An intensely articulate, sensible, moving, and funny memoir of self-discovery, Eat, Pray, Love is about what can happen when you claim responsibility for your own contentment. It is also about the adventures that can transpire when a woman stops trying to live in imitation of society's ideals. This is a story certain to touch anyone who has ever woken up to the unrelenting need for change."
This book is the epitome of the reason why I love memoirs. This is the true story of what a woman does to achieve true happiness. This memoir is brutally honest and yet funny; it makes you appreciate different parts of your life more than you thought you could appreciate them. Elizabeth Gilbert's words made me rethink my own life and reflect on it. Some of the things she said I found to be quite profound to think about, so I dog-eared the pages.
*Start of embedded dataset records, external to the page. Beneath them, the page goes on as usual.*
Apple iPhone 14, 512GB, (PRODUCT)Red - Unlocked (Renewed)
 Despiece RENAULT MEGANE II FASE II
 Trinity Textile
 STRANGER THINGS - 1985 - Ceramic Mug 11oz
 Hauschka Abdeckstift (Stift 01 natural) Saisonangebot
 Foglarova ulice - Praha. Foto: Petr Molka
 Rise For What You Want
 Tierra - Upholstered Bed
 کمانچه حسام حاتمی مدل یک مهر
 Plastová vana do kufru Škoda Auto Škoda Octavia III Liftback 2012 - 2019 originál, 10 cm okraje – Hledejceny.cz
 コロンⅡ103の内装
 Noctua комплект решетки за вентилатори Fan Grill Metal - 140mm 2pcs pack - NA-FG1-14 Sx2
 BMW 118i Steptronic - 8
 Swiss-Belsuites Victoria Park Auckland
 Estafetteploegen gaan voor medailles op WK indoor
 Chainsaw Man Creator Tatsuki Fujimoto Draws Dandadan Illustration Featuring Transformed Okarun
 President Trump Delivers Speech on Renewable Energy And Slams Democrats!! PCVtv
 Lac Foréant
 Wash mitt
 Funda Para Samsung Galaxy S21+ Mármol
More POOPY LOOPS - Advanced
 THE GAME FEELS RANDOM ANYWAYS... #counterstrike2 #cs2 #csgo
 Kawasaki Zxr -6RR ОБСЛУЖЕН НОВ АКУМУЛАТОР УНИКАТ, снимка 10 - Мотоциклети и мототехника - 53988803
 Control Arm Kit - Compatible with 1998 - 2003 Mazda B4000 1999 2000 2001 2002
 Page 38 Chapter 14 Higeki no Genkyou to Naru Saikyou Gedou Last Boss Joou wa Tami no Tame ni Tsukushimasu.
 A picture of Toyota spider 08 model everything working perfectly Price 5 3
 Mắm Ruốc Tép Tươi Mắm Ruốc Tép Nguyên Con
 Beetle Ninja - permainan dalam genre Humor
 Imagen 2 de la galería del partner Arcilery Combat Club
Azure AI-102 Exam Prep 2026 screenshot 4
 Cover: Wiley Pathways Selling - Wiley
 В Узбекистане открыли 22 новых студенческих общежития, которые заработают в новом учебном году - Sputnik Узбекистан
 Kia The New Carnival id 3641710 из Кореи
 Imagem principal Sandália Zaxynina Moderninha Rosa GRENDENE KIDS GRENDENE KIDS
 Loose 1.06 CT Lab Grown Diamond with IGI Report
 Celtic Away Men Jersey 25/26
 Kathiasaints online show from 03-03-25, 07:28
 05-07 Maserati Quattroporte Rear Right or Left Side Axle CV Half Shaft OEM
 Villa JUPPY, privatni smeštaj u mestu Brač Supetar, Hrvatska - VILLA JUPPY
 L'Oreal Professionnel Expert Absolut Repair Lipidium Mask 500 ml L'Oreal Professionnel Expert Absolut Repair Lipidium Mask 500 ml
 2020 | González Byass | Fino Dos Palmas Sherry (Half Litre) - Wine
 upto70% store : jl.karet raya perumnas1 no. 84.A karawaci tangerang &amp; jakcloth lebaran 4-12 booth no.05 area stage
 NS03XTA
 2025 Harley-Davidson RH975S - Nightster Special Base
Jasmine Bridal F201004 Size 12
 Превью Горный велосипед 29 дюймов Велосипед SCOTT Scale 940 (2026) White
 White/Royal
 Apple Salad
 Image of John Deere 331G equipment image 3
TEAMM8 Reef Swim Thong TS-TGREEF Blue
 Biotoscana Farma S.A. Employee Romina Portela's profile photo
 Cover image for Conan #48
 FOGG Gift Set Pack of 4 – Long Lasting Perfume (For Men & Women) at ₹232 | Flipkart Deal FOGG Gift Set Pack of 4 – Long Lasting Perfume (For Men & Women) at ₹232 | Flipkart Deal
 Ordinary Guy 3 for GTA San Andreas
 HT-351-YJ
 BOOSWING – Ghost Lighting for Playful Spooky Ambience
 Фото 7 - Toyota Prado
This might be one of those occurrences where I dog-ear a page for another reason other than to hold my place. If you wouldn't mind, I'd like to quote them for you:
1. "'...And please don't laugh at me now, but I seriously believed David was my soul mate.'
'He probably was. Your problem is you don't understand what that word means. People think a soul mate is your perfect fit, and that's what everyone wants. But a true soul mate is a mirror, the person who shows you everything that's holding you back, the person who brings you to your own attention so you can change your life. A true soul mate is probably the most important person you'll ever meet, because they tear down your walls and smack you awake...'"
2. The entirety of chapter three. Her views on religion are just so interesting to read about. For a few years now, I have struggled with my religion as well as the concept of religion as a whole. I call myself a weak agnostic, but I'm embarrassed to say so because, though for the time being, it's true for me, it sounds bad because, to my knowledge, the rest of my family is not like that. I feel free, but guilty at the same time. Miss Gilbert's thoughts fascinated me and have doused my thought process in a new kind of light.
3. "...Before dawn the roosters for miles around announce how freaking cool it is to be roosters. ('We are ROOSTERS!' they holler. 'We are the only ones who get to be ROOSTERS!')..."
I just found this spot to be incredibly funny. I literally laughed out loud. Liz's syntax just impresses me so much because her humor definitely comes out and it's just totally unexpected! I love it!
I wasn't sure what to expect when I picked this book off the reservation shelf, but I'm really happy that I did read it.
The people Liz meet are so extraordinary in their own way. I think I liked the people from Indonesia (Bali) best because they were just so happy. Sure, they're had their share of hardship, but still, they were happy.
I have never wanted to visit any of these countries more (well, Italy and Indonesia, any way. No offense, India. Maybe someday though).